Faut-il souscrire à l’idée d’une droitisation de la société française ? Certains indicateurs, comme la demande de redistribution ou la tolérance à la diversité, poussent à nuancer cette thèse, mais l’offre politique demeure décrochée des préoccupations des citoyens, ce qui favorise la droite.

Les intentions de vote semblent têtues à quelques mois de la présidentielle : semaine après semaine, institut après institut, le mieux placé des candidats de gauche peine à dépasser les 10 %. En additionnant l’ensemble des candidatures de gauche, on atteint le quart des intentions, 30 % au mieux. En face, Emmanuel Macron est largement en tête et peut compter sur environ un quart des intentions de vote, tandis que la candidate des Républicains oscille autour de 15 %, voire plus, et que Marine Le Pen et Éric Zemmour à eux deux font mieux que la gauche dans son ensemble. Et que dire de la scène médiatique ? L’insécurité ce printemps 2021 et l’immigration cet automne ont fait partie des enjeux les plus débattus. La France se serait donc droitisée.

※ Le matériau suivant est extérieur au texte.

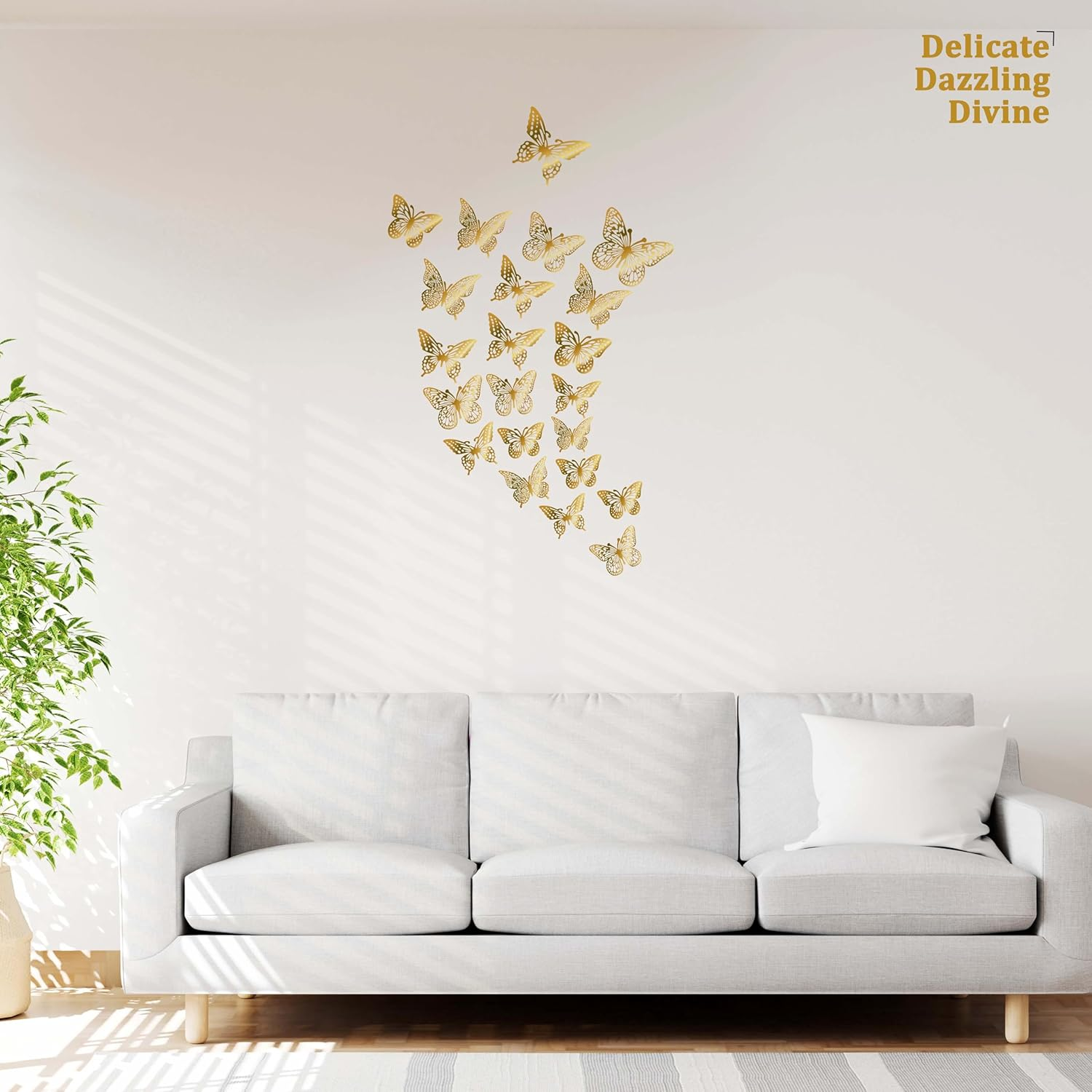 Gold 3D Butterfly Wall Decor - 48 Pcs, 4 Styles, 3 Sizes, Gold Butterfly Decorations for Birthday & Party Celebrations, Removable Stickers image number 3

Pourtant cette droitisation n’a rien d’une évidence : elle est aussi le souhait d’acteurs politiques, intellectuels et médiatiques qui y ont tout intérêt. Certains indices de droitisation sont là, mais d’autres indicateurs pointent dans une direction bien différente, notamment quand on mesure les demandes de redistribution ou la tolérance à la diversité. Il semble que l’on assiste avant tout à un désalignement des citoyens d’avec l’offre politique et que ce désalignement touche moins la droite et l’extrême droite que la gauche. En quelque sorte, ce qu’on qualifie de droitisation est avant tout dû au fait que la droite, même affaiblie, l’est moins que la gauche, qu’elle est en quelque sorte la dernière à tenir debout.

Sondages et droitisation

La fabrique des sondages en 2021-2022 est devenue un enjeu majeur, ce d’autant plus qu’à l’exception remarquée du journal Ouest-France, la « course de chevaux » est désormais l’une des grilles de lecture dominante des campagnes électorales. Ce n’est pas si nouveau, ni typiquement français, mais le nombre de sondages pour les présidentielles ne cesse de s’accroître : de 193 en 2002, on est passé à 293 en 2007, puis 409 en 2012 et enfin 560 en 2017 selon la commission des sondages1. Cette inflation est due à la réduction des coûts de passation et des temps de réalisation, avec la généralisation des enquêtes par Internet. Or cette manière désormais hégémonique de prendre le pouls des répondants a des effets spécifiques. Un premier problème est qu’on ne sait pas qui répond : Luc Bronner, grand reporter au Monde, a ainsi pu répondre à deux cents enquêtes en se déclarant homme ou femme, de 19 ans à 73 ans, en tant qu’employé, retraité ou profession libérale2. Mais au-delà de cette question de fiabilité, il semble que les échantillons mobilisés sur Internet se caractérisent par des biais politiques, favorables à la droite.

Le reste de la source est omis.